## Captioned web images

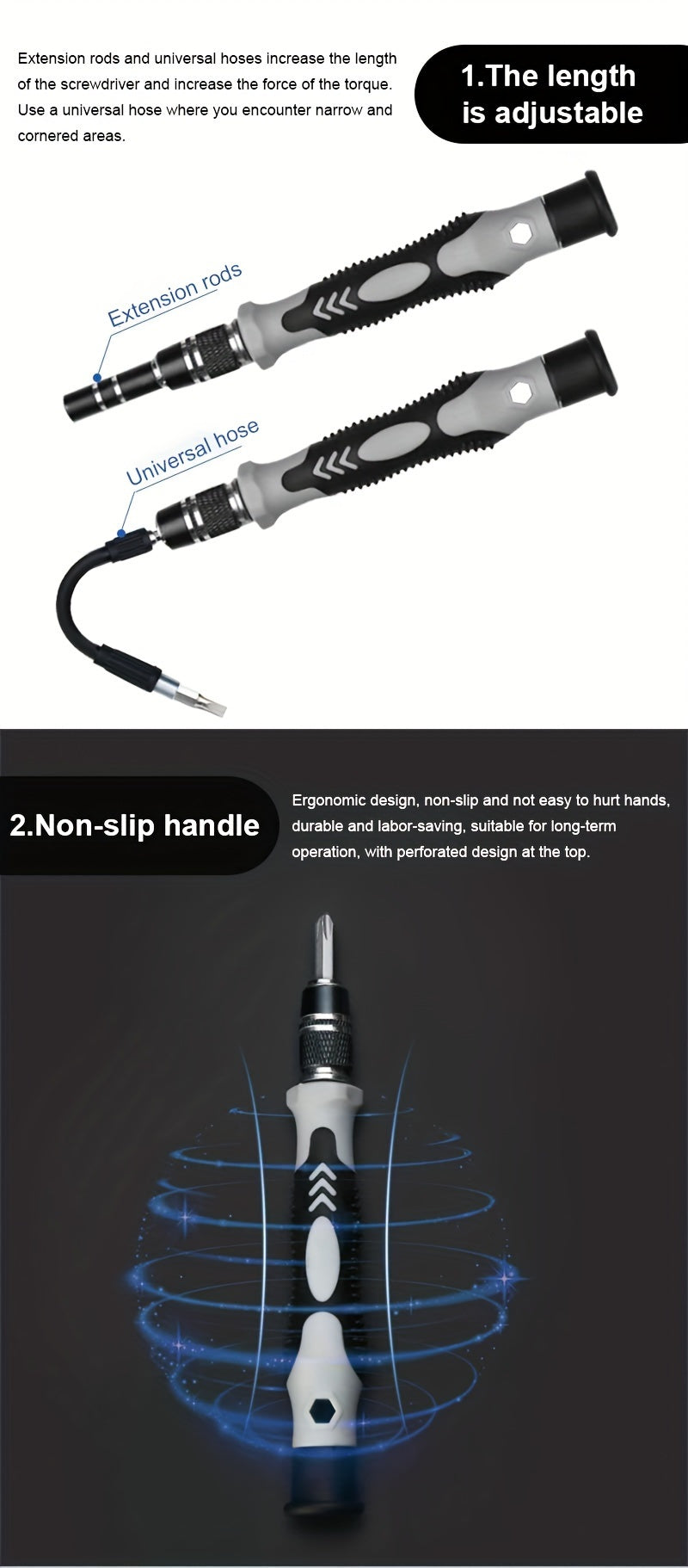 115-in-1 Precision Screwdriver Set - Magnetic Repair Tool Kit for Phones, Laptops & Electronics | Ergonomic Anti-Slip Handle, Chrome Vanadium Steel, Hex, Torx, Triangular, Angle, Drill Bit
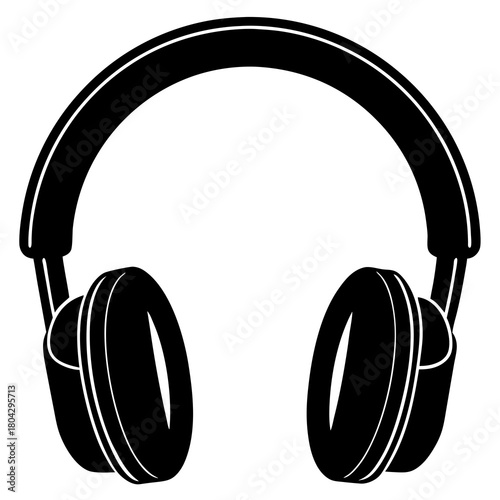 Classic black silhouette headphones for audio and music listening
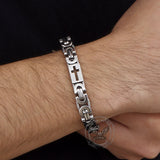 Punk Hollow Cross Byzantine Stainless Steel Bracelet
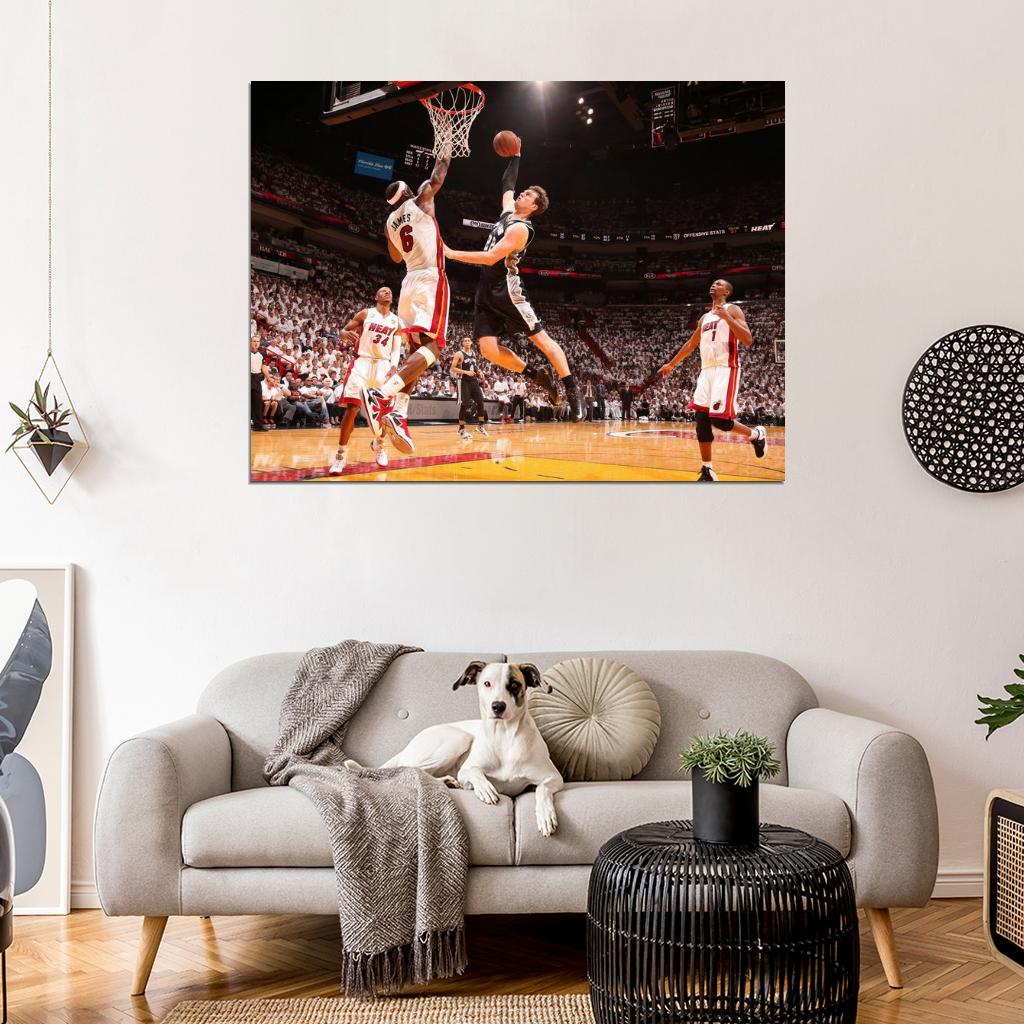 LeBron James Block Tiago Splitter Basketball Sport Wall Art Print Poster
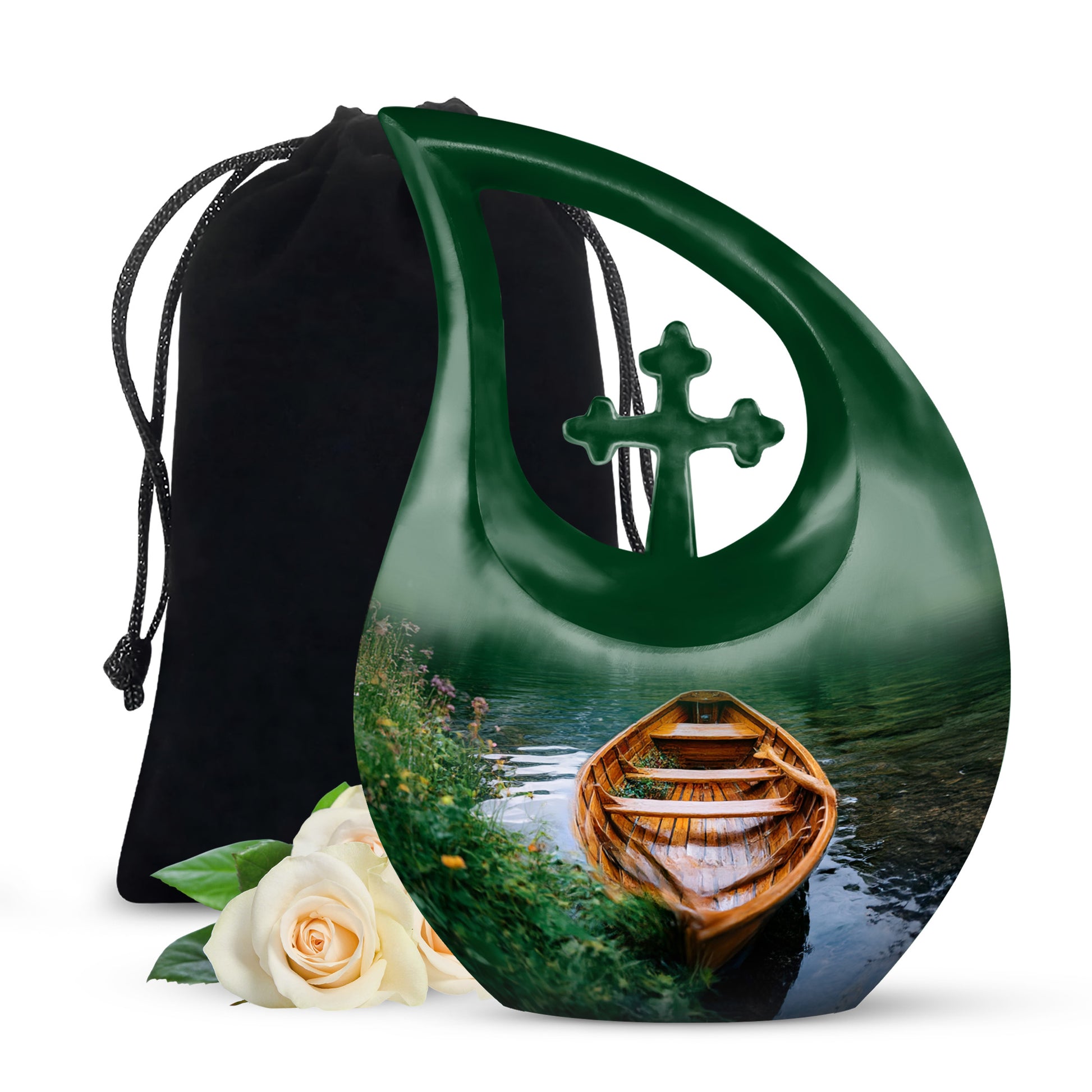 Jade Green Boat Cremation Urn top-down view of secure threaded lid - sacred cross merged with boat motif on metal - full-size 10 inch 200 cubic inch adult cremation urn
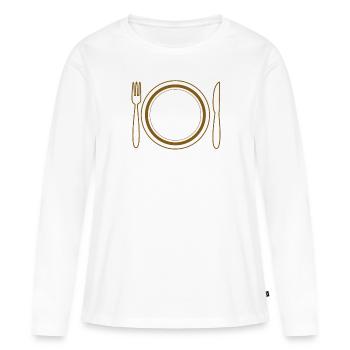 COUVERTS D’ASSIETTE - T-shirt manches longues Premium bio Femme - blanc - Devant - Julia (174cm)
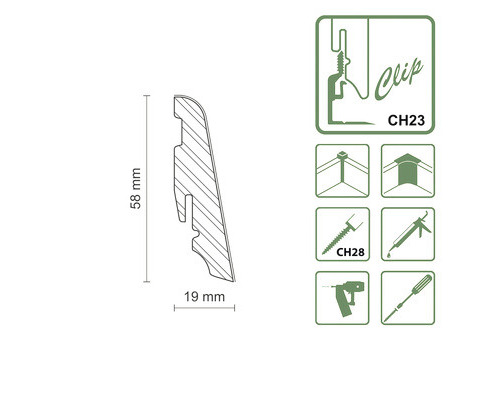 Diagram lišty s rozmermi 58 mm výšky a 19 mm šírky a symboly pre montáž.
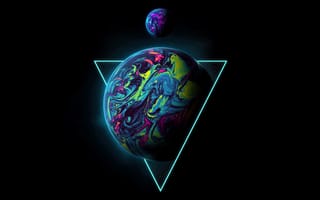 Картинка абстракция, темный, треугольник, dark, планеты, triangle, planets, abstraction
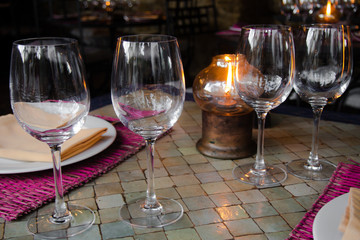 Table decorated for dinner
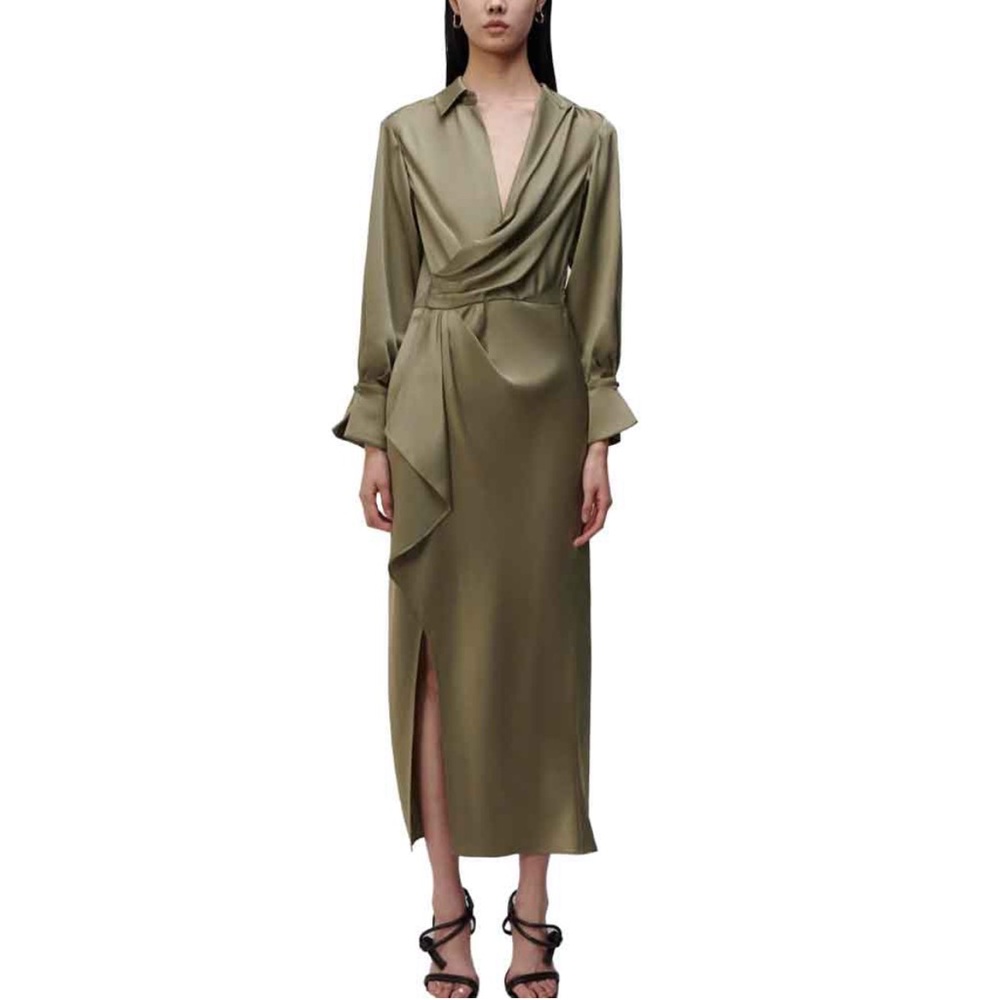 NWOT Jonathan Simkhai Talia maxi satin wrap dress in willow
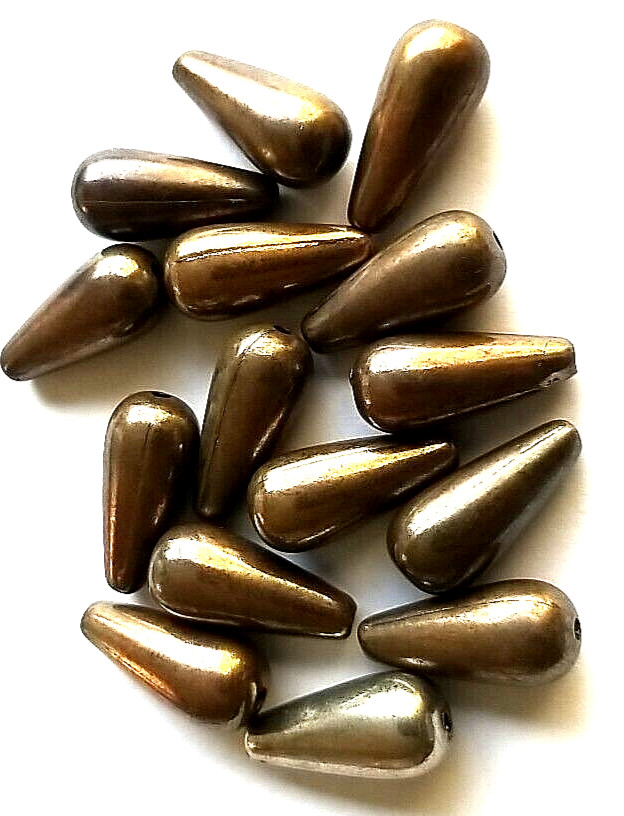 Teardrop Beads Metallic Bronze Tone 50 Pc. Lot Acrylic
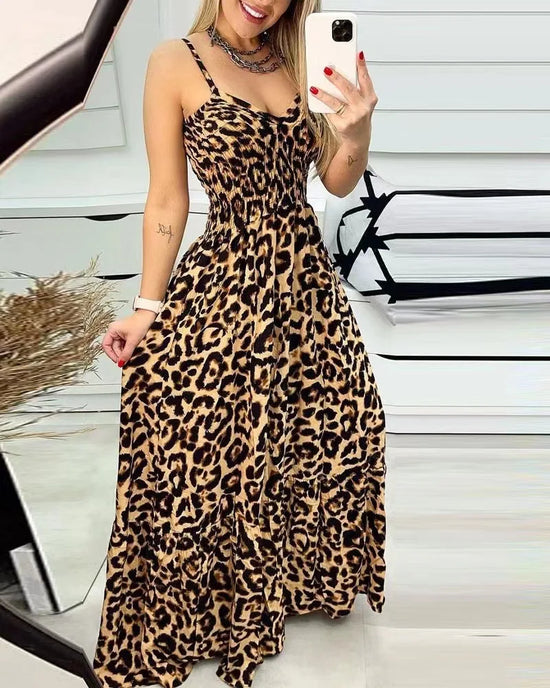 Vestidos Largos Leopard Print T-shirt Dress, Sexy Temperament Long Dress, Elegant, Summer, 2024 Elegant And Sexy Women Clothing - MyEmpired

## Work to be completed
Repeat exactly the lines above, from the line containing "Teardrop Beads Metallic" through the last line of the records, inclusive; omit any pictures.

## Answer space
 Teardrop Beads Metallic Bronze Tone 50 Pc. Lot Acrylic
 Vestidos Largos Leopard Print T-shirt Dress, Sexy Temperament Long Dress, Elegant, Summer, 2024 Elegant And Sexy Women Clothing - MyEmpired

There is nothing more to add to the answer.